Range types [PgSql]

Prev: Winflex
Next: [HACKERS] Fast or immediate shutdown

From: Tom Lane on 15 Dec 2009 17:27

Scott Bailey <artacus(a)comcast.net> writes:
> Ok, let me give an example of what we can do with the current
> implementations that would not be possible with timestamps if we
> implement as suggested. ...
> The function below takes two period arrays that can have overlapping and
> adjacent elements. It subtracts all values in pa1 that intersect with
> values in pa2. So perhaps pa1 is all of your work shifts for the month
> and pa2 is a combination of your leave and holidays. The result is a
> coalesced non-contiguous set of the times you would actually be working.

The proposed problem is certainly soluble without any assumptions
of discreteness. The answer might not look very much like the way
you chose to code it here, but that's not an argument for adopting
a fundamentally incorrect worldview.

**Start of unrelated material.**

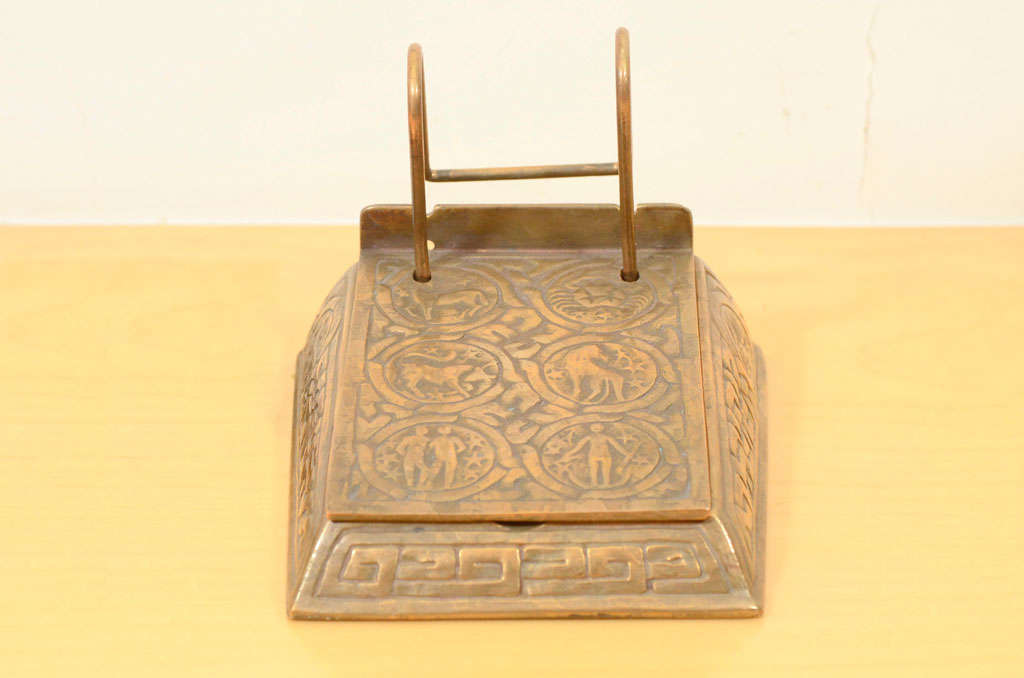 Tiffany Studios Desk Pad or calendar Holder, Zodiac, measuring 5 1/2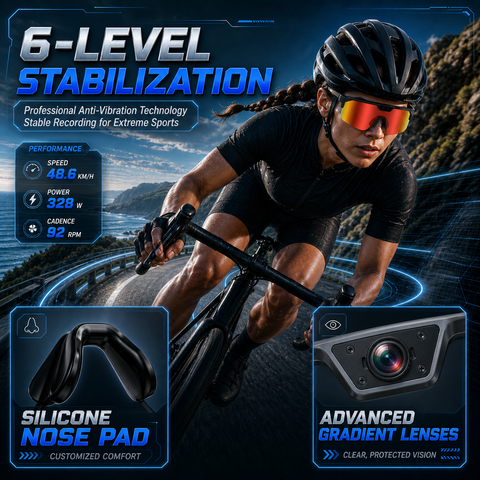 AI Smart Glasses with Camera 4K, Video Recording Glasses with EIS & OIS Stabilization,Polarized Sunglasses,ChatGPT Voice Assistant, 139-Lang Translation,Open Ear Earbuds for Cycling/Skiing/Baseball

If this were an amazingly
short and beautiful piece of code, it might support your argument,
but it's neither.

regards, tom lane

--
Sent via pgsql-hackers mailing list (pgsql-hackers(a)postgresql.org)
To make changes to your subscription:
http://www.postgresql.org/mailpref/pgsql-hackers

From: Scott Bailey on 15 Dec 2009 17:39

Tom Lane wrote:
> Jeff Davis <pgsql(a)j-davis.com> writes:
>> On Tue, 2009-12-15 at 11:49 -0800, David Fetter wrote:
>>> FWIW, I think it would be a good idea to treat timestamps as
>>> continuous in all cases.
>
>> I disagree. There is a lot of value in treating timestamp ranges as
>> discrete.
>
>> One big reason is that the ranges can be translated between the
>> different input/output forms, and there's a canonical form. As we know,
>> a huge amount of the value in an RDBMS is unifying data from multiple
>> applications with different conventions.
>
> Actually, that is exactly one of the reasons why what you propose is
> a *bad* idea. You want to institutionalize application dependence on
> a non-portable implementation detail, namely the granularity of machine
> representation of what's in principle a continuous value. That's one
> of the fastest routes to non-unifiable data I can think of.
>
>> So, let's say one application uses (] and another uses [). If you are
>> mixing the data and returning it to the application, you want to be able
>> to provide the result according to its convention. You can't do that
>> with a continuous range.
>
> The above is nonsense. [1,2) and [1,2] are simply different objects.
> A design that assumes that it is always possible to replace one by
> the other is broken so badly it's not even worth discussing.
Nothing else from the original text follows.